=== Assigned task ===
Using the data below, restate exactly every line from the one with "Simplicity: A Minimalist" up to and including the one with "Infographic explaining Reg". No picture belongs in it.

=== Records to process ===
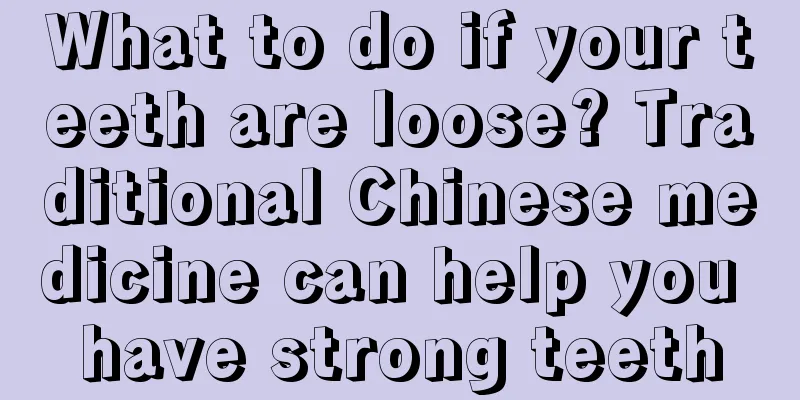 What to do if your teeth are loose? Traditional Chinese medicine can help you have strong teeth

--

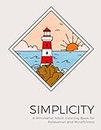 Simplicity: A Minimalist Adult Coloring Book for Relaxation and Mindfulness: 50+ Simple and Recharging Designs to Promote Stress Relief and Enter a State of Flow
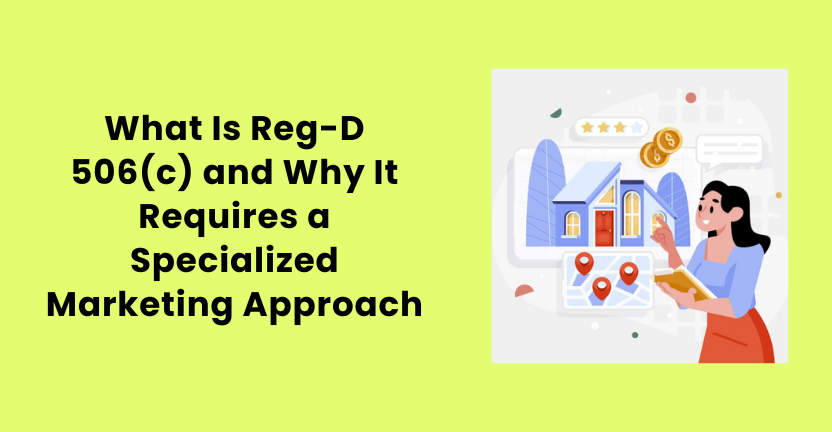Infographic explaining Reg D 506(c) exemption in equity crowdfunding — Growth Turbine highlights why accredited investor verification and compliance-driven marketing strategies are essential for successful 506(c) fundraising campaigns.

=== Answer space ===
 Simplicity: A Minimalist Adult Coloring Book for Relaxation and Mindfulness: 50+ Simple and Recharging Designs to Promote Stress Relief and Enter a State of Flow
Infographic explaining Reg D 506(c) exemption in equity crowdfunding — Growth Turbine highlights why accredited investor verification and compliance-driven marketing strategies are essential for successful 506(c) fundraising campaigns.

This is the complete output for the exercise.